Hasan Ozmen, a former MP from Diyala province, told AA that this kind of attacks aimed at intimidating Iraqi Turkmens.
"They are killing Iraqi Turkmens and their leaders indiscriminately. This is a part of the war they have been waging," Ozmen said.
He said it looked likely that ISIL militants were behind the assasination of Kafili.
"Munir Kafili was killed when we were preparing for the anniversary of the death of Ali Hasim Muhtaroglu (former Iraqi Turkmen Front deputy chairman)," said Ozmen.
Muhtaroglu was killed in a bomb attack on June 25, 2013.
According to Ozmen, the ones behind these attacks target Turkmens regardless of their sects.
"Muhtaroglu was a Shia Muslim and Kafili was a Sunni Muslim. These people do not care about beliefs, you just have to be Turkmen to get killed," said Ozmen.
Munir Kafili spent 20 years in prison for 'political crimes' during the Baath Party regime. He was released in 2003 and returned to politics.
The three million-strong Turkmens represent the third-largest ethnic group in Iraq, constituting 13 percent of the population.
Tensions remain high in the Kirkuk district as clashes are ongoing between Iraqi forces and militants of the Islamic State of Iraq and the Levant (ISIL).

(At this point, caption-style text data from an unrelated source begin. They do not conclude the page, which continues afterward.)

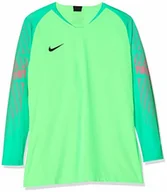 Piłka nożna - Nike męskie gardien II Goalkeeper Jersey LS Bramkarz Jersey, zielony, s 898043-398 - miniaturka - grafika 1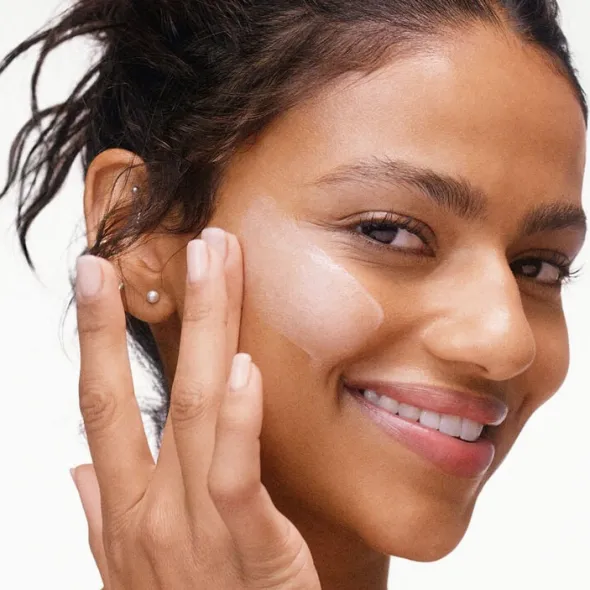 Rose Deep Hydration Balancing Emulsion - Rose light fuktighetskräm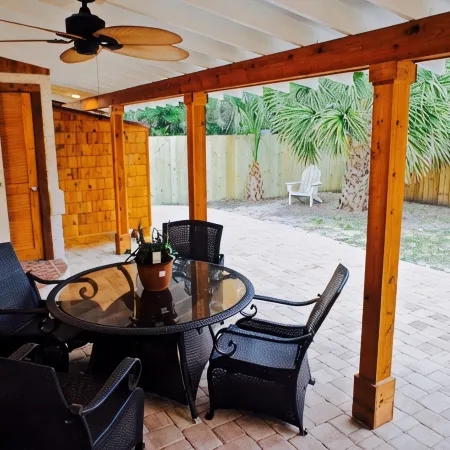 1st Street Cedar Beach House Retreat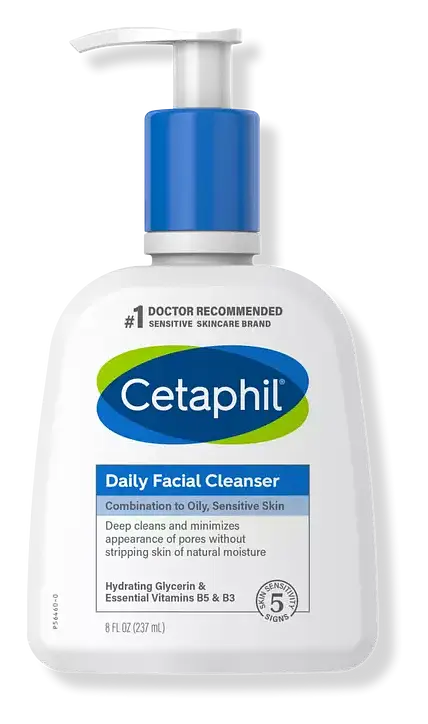 Daily Facial Cleanser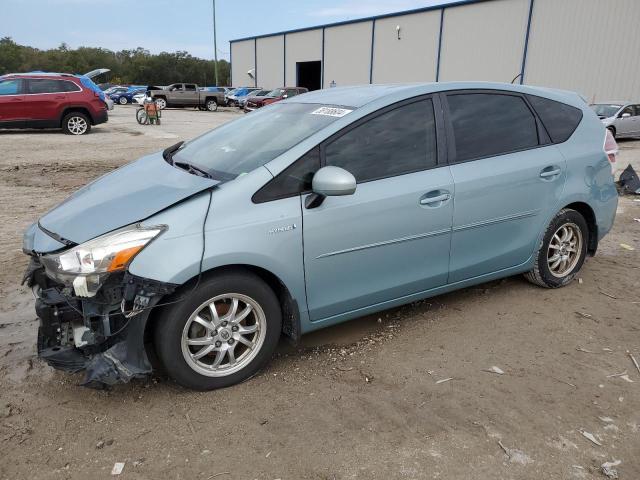 Изображение 1 2015 TOYOTA PRIUS V  2015 с VIN JTDZN3EU2FJ033431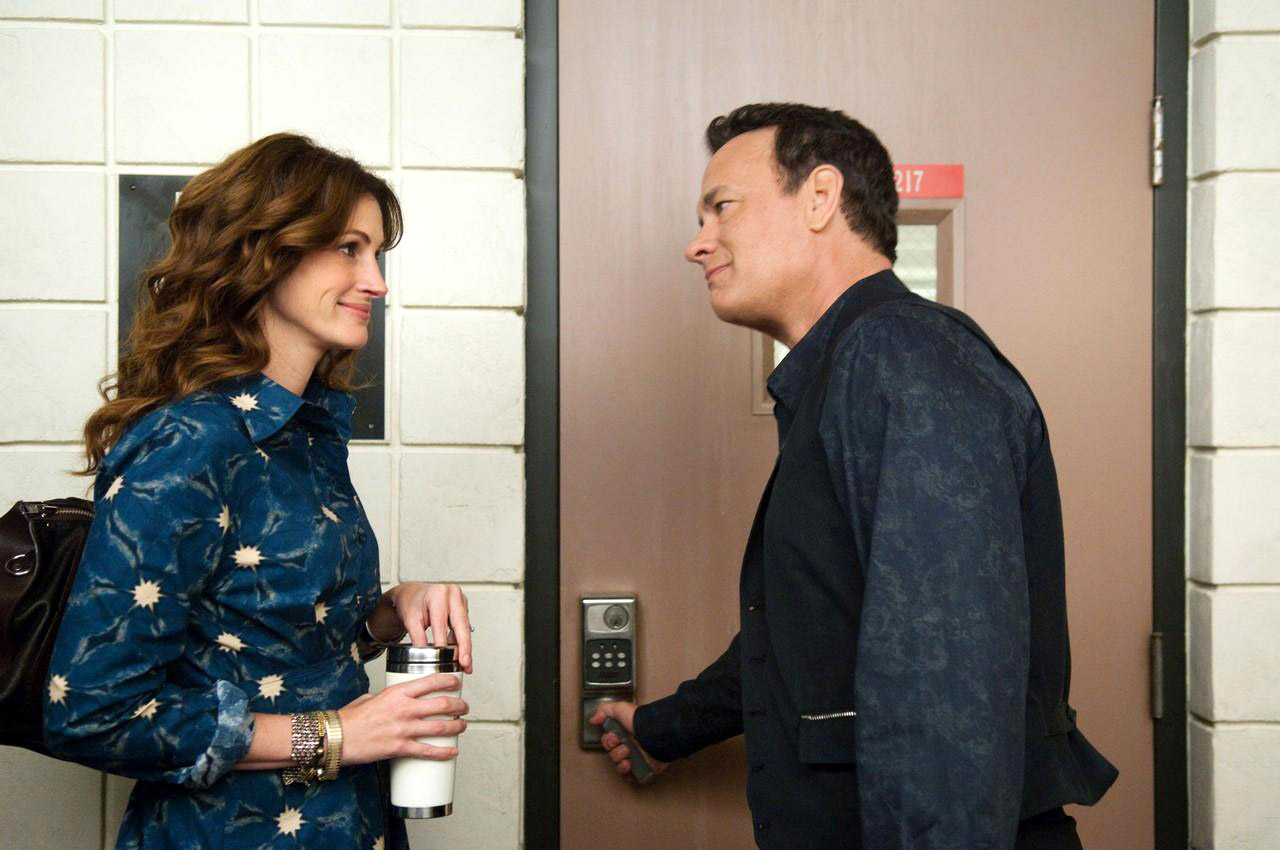 boom dvd reviews - Larry Crowne image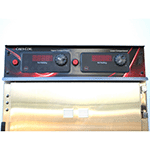 Cres Cor 1000-HH-SS-2DX Insulated Mobile Heated Cabinet, Used Excellent Condition image 1
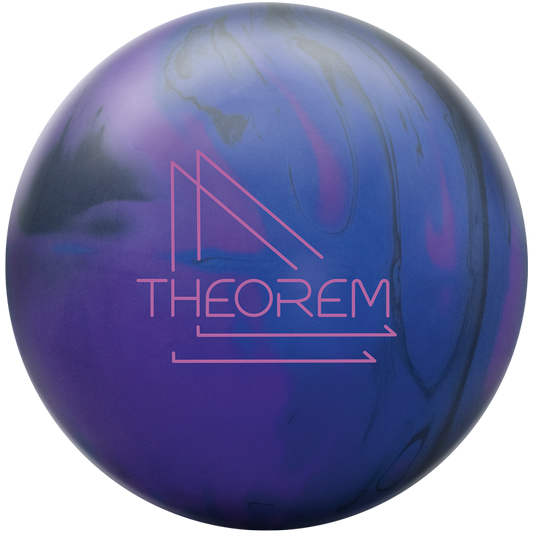 Track Theorem Solid Bowling Ball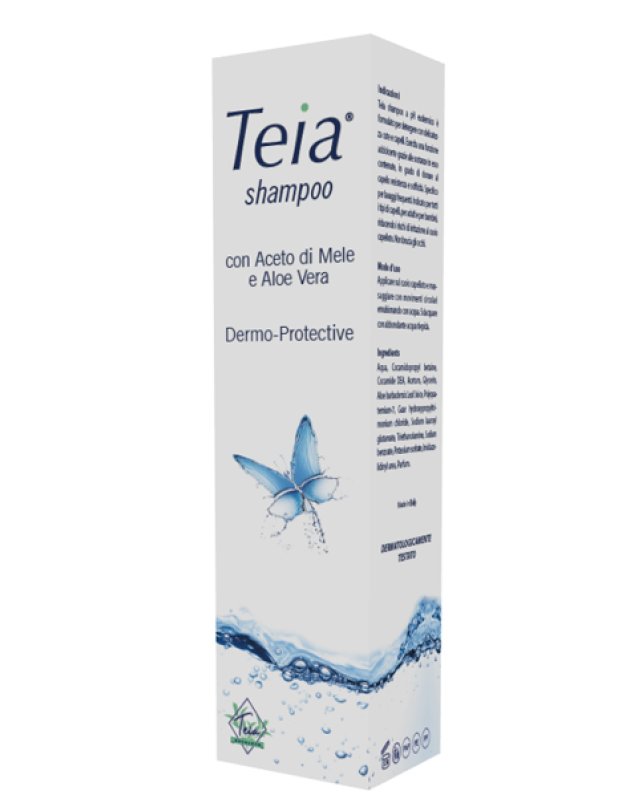 TEIA SHAMPOO DERMOPROTETTIV250ML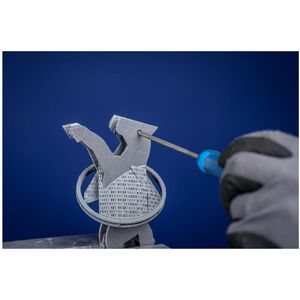Produktbild für Werkstattfeile PFERD-TOOLS 543 WR 250, 11800543, Hieb 3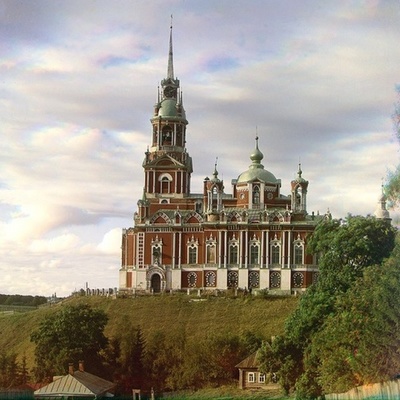 Timeline: От дагеротипа  до «цифры»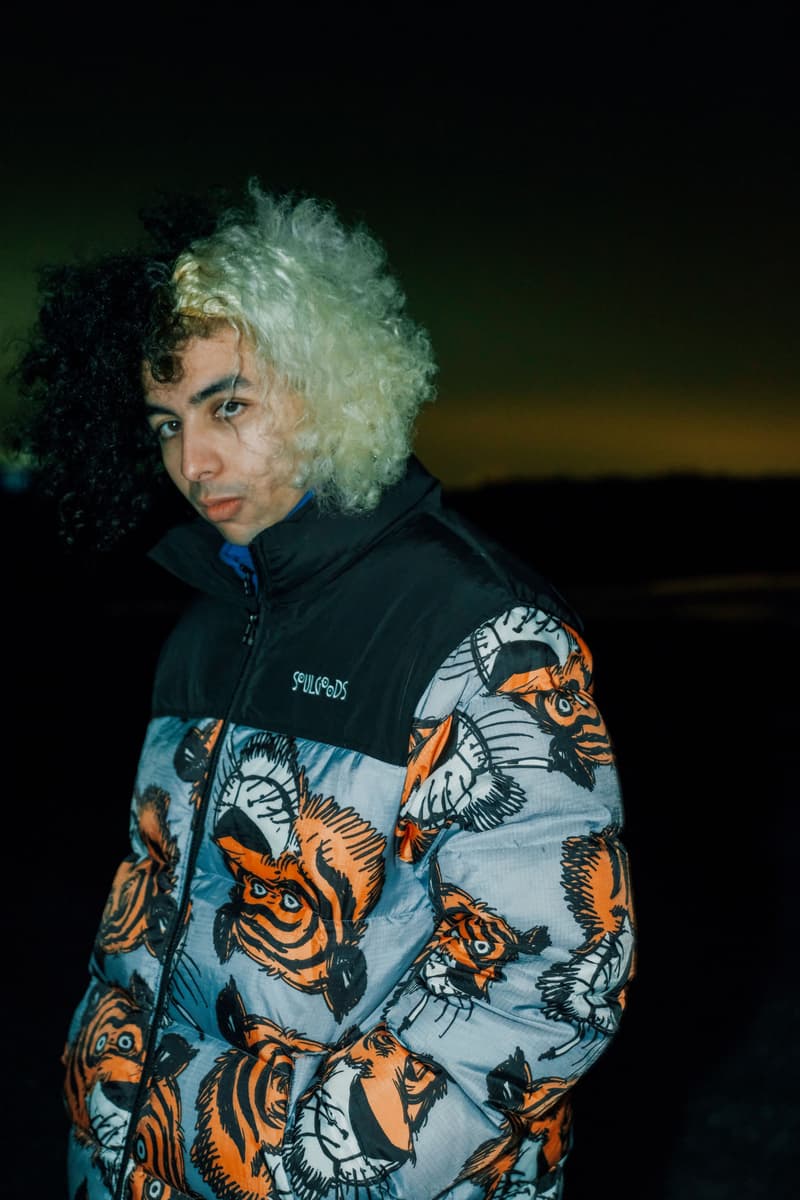 SOULGOODS 正式释出 2020 冬季第二轮单品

ISIL militants, backed by tribal fighters, seized Iraq's second-largest city Mosul on 10 June and captured a number of other cities in the north, including Tikrit and Tal Afar.
They also reportedly control Al Qaim, Rawah, Anah, Al Ratba and Haditha in the western province of Al Anbar.
ISIL forces also extended their grip along Iraq's Syrian and Jordanian border on Monday after taking control of border crossings, according to Farhan Ftikhan, the mayor of Al Qaim.